Alabama seems unable to stop tinkering, ever more ghoulish, with the “machinery of death,” as Justice Harry Blackmun called capital punishment.
Lawyers for Mr. Smith are likely to object to this human experiment on the basis that it violates the Eighth Amendment’s proscription against “cruel and unusual punishments.” It is true that Mr. Smith’s lawyers appealed to the court for this method of execution. But that was only because of the twisted logic of the U.S. Supreme Court’s death penalty jurisprudence, under which condemned prisoners must plead for their preferred alternative methodof putting someone to death — and which Mr. Smith’s lawyers did after the nightmare of his failed lethal injection execution. He invoked nitrogen, the alternative available under Alabama statutes, a method the state enacted in March 2018 after the Hamm execution fiasco. But under the Supreme Court’s guidelines, the alternative must be not only “feasible” and “readily implemented,” but also one that “significantly reduces a substantial risk” of suffering.

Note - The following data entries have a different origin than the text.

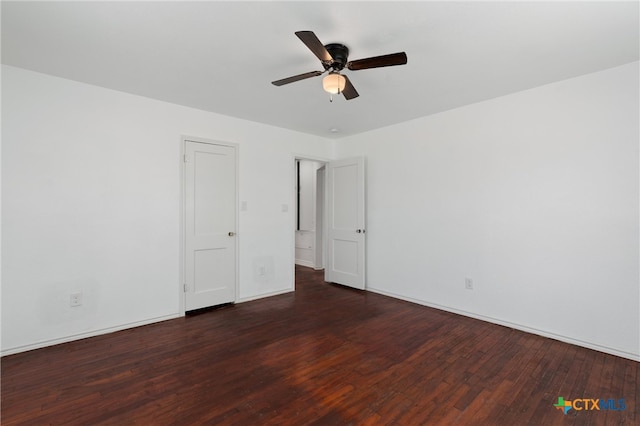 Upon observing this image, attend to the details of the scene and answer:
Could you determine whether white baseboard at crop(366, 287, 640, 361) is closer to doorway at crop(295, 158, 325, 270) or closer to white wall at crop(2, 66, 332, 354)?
doorway at crop(295, 158, 325, 270)

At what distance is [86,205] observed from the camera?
307 centimetres

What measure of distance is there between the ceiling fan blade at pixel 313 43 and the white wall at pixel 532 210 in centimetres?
237

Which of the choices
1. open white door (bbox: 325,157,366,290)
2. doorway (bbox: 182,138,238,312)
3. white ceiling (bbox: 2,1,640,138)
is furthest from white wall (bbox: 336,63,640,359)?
doorway (bbox: 182,138,238,312)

Under the Eighth Amendment, execution by nitrogen is surely unusual because it has never been used as a method of execution in this country or elsewhere, as far as we know. It is also likely to cause needless agony and suffering in the execution chamber. Plus, the threat of a second attempt at execution under circumstances of human experimentation is unconscionably cruel.

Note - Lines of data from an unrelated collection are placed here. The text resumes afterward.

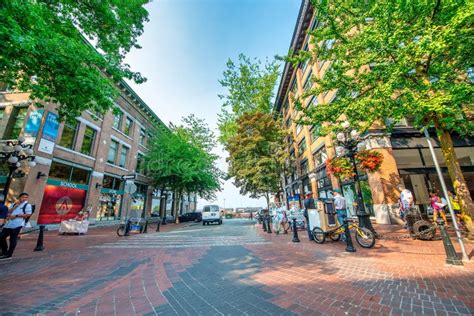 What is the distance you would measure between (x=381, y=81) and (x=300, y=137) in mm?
17321

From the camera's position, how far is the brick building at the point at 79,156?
12.6 meters

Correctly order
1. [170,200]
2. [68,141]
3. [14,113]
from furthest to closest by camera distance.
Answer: [170,200]
[68,141]
[14,113]

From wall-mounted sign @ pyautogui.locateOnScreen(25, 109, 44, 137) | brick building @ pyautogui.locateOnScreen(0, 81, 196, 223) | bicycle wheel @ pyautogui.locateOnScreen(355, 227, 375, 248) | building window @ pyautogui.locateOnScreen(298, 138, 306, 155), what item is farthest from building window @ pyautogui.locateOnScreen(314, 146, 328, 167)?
wall-mounted sign @ pyautogui.locateOnScreen(25, 109, 44, 137)

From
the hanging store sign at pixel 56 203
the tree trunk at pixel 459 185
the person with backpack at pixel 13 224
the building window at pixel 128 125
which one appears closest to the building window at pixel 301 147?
the tree trunk at pixel 459 185

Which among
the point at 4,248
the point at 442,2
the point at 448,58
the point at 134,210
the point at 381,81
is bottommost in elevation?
the point at 4,248

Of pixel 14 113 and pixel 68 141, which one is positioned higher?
pixel 14 113

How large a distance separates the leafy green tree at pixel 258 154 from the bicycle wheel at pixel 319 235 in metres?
12.7

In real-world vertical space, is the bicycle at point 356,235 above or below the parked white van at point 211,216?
below

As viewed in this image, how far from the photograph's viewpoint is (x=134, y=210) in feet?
69.7

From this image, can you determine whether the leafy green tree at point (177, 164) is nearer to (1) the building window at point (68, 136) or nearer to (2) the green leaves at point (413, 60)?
(1) the building window at point (68, 136)

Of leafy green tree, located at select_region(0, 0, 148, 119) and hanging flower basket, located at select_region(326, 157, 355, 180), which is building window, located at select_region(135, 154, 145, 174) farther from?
hanging flower basket, located at select_region(326, 157, 355, 180)

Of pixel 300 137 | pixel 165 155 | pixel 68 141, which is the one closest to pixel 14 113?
pixel 68 141

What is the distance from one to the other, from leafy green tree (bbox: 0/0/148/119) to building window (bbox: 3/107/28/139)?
26.0 feet

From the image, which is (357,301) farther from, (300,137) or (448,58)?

The recent track record in the federal courts is not comforting, though. The conservative supermajority at the Supreme Court, especially, has recently been lifting stays of execution imposed by the lower federal courts at a frightening pace, in unsigned opinions, without explanation. Their inexplicable behavior in death penalty cases has given rise to an alarming shadow docket. Some of the justices have become, if anything, the nation’s executioners.
Of course, that does not mean we can throw up our hands. Moments like these present an opportunity for the justices to step up and lead the country to a higher plane — to what the court, in its Eighth Amendment rulings, has so often called “the evolving standards of decency that mark the progress of a maturing society.” It is often at junctures like these that righteous magistrates come forward to resist inhumanity — like the Portuguese consul general in Bordeaux, France, Aristides de Sousa Mendes, who defied expectations and issued visas for refugees fleeing the country in June 1940, saving thousands of lives.
Let us hope that the justices exercise their license to practice in the ways exemplified by Sousa Mendes. Let us hope they demonstrate cleareyed analysis and prevent this human experimentation. In the meantime, it will fall on the rest of us to show the world that this is not what we stand for.
Bernard E. Harcourt is a professor of law and political theory at Columbia. He began his legal career representing people on Alabama’s death row and continues to represent people sentenced to death and life imprisonment without parole. He is the author, most recently, of “Cooperation: A Political, Economic, and Social Theory.”